What causes thunder and lightning during some snowstorms? Those who study the formation and life cycle of thunderstorms forming during the warm season understand that a strong, warm and moist updraft is a necessary condition. In the warm season, these updrafts generally arise from the surface, but they need not. It appears that only those thundersnows developing over bodies of warm water arise from warm surface air. Most others, particularly those observed in the US central states, develop when the necessary convective process starts at higher altitudes than the surface air layer.

The two most important mechanisms for producing most thunderstorms are layers of instability — a region of the atmosphere with a tendency to promote upward air motions — and strong dynamic lifting — factors other than buoyancy that move air upward. Working in tandem, these two mechanisms provide that lift necessary to turn a precipitating cumulus cloud into a towering, lightning-producing cumulonimbus. In a warm-season, airmass thunderstorm, the atmospheric instability needed to start the process begins at the sun-heated ground. The moist air warmed at the surface becomes less dense (more buoyant) and begins to rise high into the sky, a process known as surface convection. The less dense the air is relative to the surrounding air, the higher and faster it will rise; in such cases we have a deep layer of surface instability.

But in the cold season, and particularly in air conducive to snowfall, the lower troposphere is dry and cold which makes it relatively stable and inhibits parcels of surface air from rising. However, the troposphere can have many layers of distinct airs with differing vertical thermal gradients (called lapse rates), and when a layer of warmer, moist air wedges its way between a surface cold layer and colder air above, a region of elevated instability forms that may give rise to elevated convection, the convective rise of air beginning at an altitude above the surface. The effect is enhanced when there is cooling in the middle troposphere layers above the warm air wedge to enhance the convection potential.


An example of elevated convection at an occluded front resulting in thundersnow.

There are several mechanisms that can cause strong dynamic lifting of air (which I look at in more detail in What Goes Up: Introduction to Updrafts ). When one of these occurs in an atmosphere that has layers of instability, it becomes a trigger for air to begin rising and continue to do so. In this manner, strong updrafts are formed. The lifting can work on elevated layers as well as surface layers and thus produce elevated convection. In the most intense cases of dynamic lifting, such as air forced over a mountain range, the resulting cumulus clouds have all the characteristics of purely convection cloud formation.

In late fall and winter, when cold air moves across the relatively warm waters of the Great Lakes and other large water bodies, intense convective storms often develop that drop snow upon reaching the downwind shores (see Lake-Effect Snowfall on this site). When the waters are significantly warmer than the air, they act similar to the solar-heated ground in the summer and form surface convection. Under these conditions, intense cumulonimbus cloud development may arise that induces lightning flashes. When these snow squalls strike with heavy snows and gusty winds, they are punctuated with flashing lightning and booming thunder, i.e., thundersnow.
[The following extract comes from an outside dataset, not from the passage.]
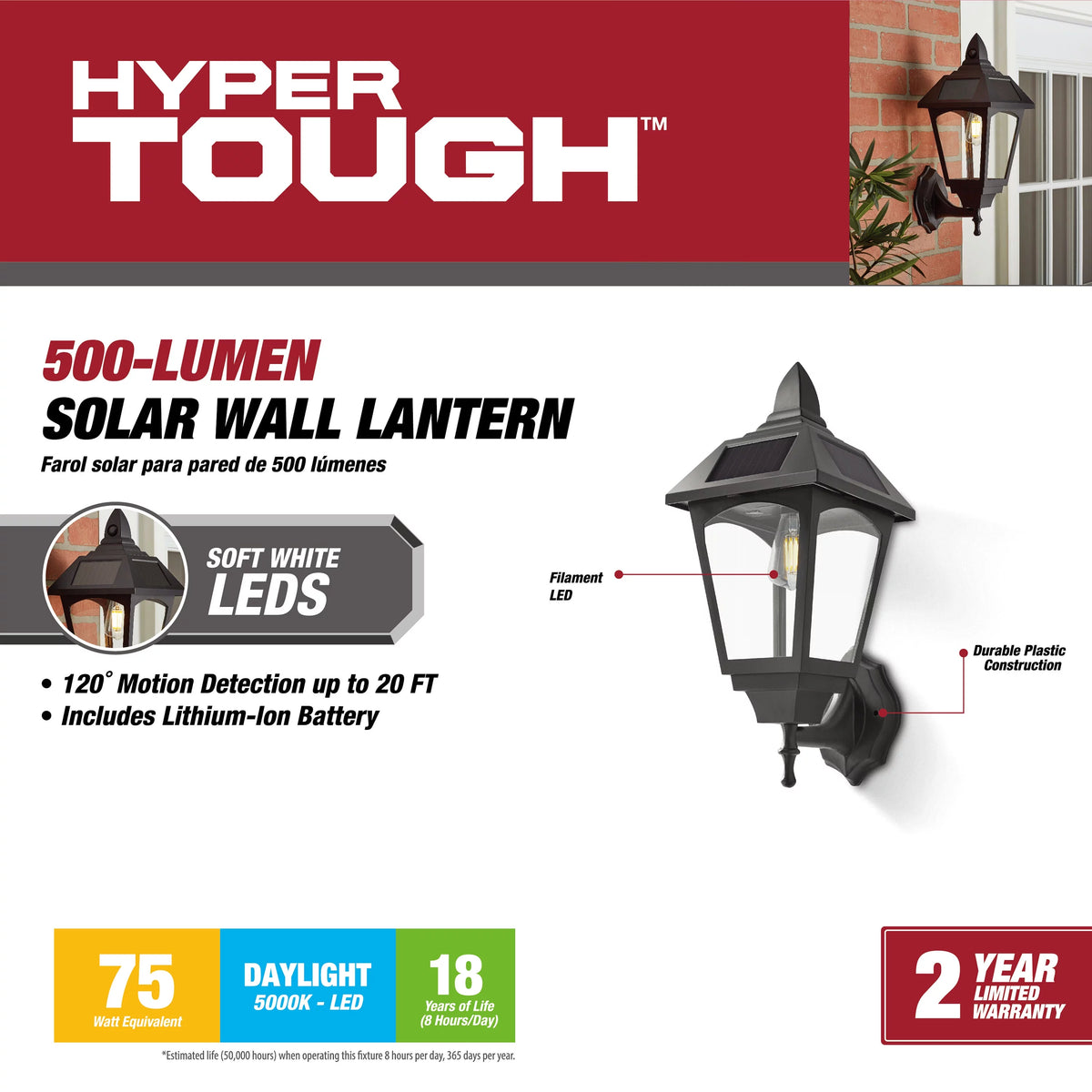 Motion Sensor Solar Wall Lantern with Filament Bulb, Black R254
Thundersnows are also found in mountainous regions where the forced upslope flow (strong dynamic lifting) of moist air produces thunderstorms at higher elevations. In many thunderstorms, precipitation begins as snow at high altitudes but melts in warmer air below. However, in the mountains the snow does not melt before reaching the mountain surface. At such elevations, the air temperature may be near or below freezing.

One of the most significant thundersnow events struck Buffalo, New York in late November 2000. The lake-effect storm dropped 78.7 cm (31 inches) of snow over the region in three days. Reports cited "frequent lightning" flashing during the early storm. A thundersnow storm in Louisville, Kentucky on 17 January 1994, dropped about 60 cm (2 ft) of snow.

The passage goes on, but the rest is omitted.